Hiromi halted in place, causing Shibatsu to turn and regard him frankly. “What do you mean, exactly?” the Mantis Champion asked of the Imperial scion.
“The Scorpion have provided information on a massive attack planned by the so-called traditionalist forces,” he answered. “If we take them at their word, which I am not completely convinced we should, then we have all the information necessary to strike a devastating blow against those forces loyal to my brother’s agenda. On the other hand, if we fail to act, then the traditionalist forces will arrive here in Twin Forks and will arrest those loyal to our cause, on whatever terms they wish to contrive. All those who have demonstrated loyalty to me will suffer. I cannot permit that to happen. No matter what becomes of the situation with my brother, I cannot see others suffer for no reason other than that they placed their faith in me.”
“This could end the conflict,” Hiromi said, “but can we afford to trust the Scorpion’s information?”
“That is a very interesting question,” Shibatsu said with a sigh. “And perhaps a more interesting one might be, can we afford not to do so?”
* * * * *
Matsu Chizuki strolled along the lines of the formation grounds, idly scratching the ears of a lion cub that she carried in her arms. The cub purred loudly and kept batting at the long braid that hung down from her head, occasionally grabbing it and biting the thick cloth she used to bind it at the end. She would pull the braid away and tickle the beast under its chin before the entire process started all over again.
“It is quite cold,” she said, nuzzling the cub. “I wish I had your fur, little one. It will be colder by week’s end. We should see snowfall in significant quantities very soon, not just these little flurries.” She sighed. “Unfortunate, is it not?” She glanced at the subordinates following her. “We cannot risk sending any significant force through the pass to take vengeance upon the accursed Scorpion without the distinct possibility of Shamate Pass freezing over and stranding them there.” The Matsu daimyo chuckled lightly. “It might be great fun to spend a winter fighting against overwhelming Scorpion odds, but the chances of long term survival are minimal and to throw away our men for no tactical gain is unnecessary.”
“Has a winter offensive been considered, my lady?” one of the officers asked.

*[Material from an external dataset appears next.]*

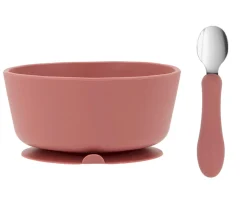 Tutete Pack Baby Meal Babero Silicona Dinos World + Bol Silicona y Cuchara Acero Brick Blush^ Vajilla Infantil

“The Ikoma tactical advisors suggested it to Lady Dairuko,” Chizuki replied. “She rejected the notion immediately. I believe her exact words were that such a tactic was ‘worthy only of Chagatai himself.’ I must say I was pleasantly surprised at her response. Much though I would like to see the northern Scorpion lands trod into a swamp saturated with their blood, I do not wish to see us lower ourselves to the level of savages like the accursed Khan of previous eras.”
Matsu Karoko bowed as a sign of respect. “Your words speak for us all, my lady.”
“When the spring thaws come, on the first day that the ice turns to water, the Kitsu will blow the pass open with all the vengeance in their priestly hearts, and we, the Matsu, will end the Scorpion.” Chizuki smiled and flipped the cub over to scratch its belly. “I expect you will all spend the winter training your troops. When winter ends, our victory begins.”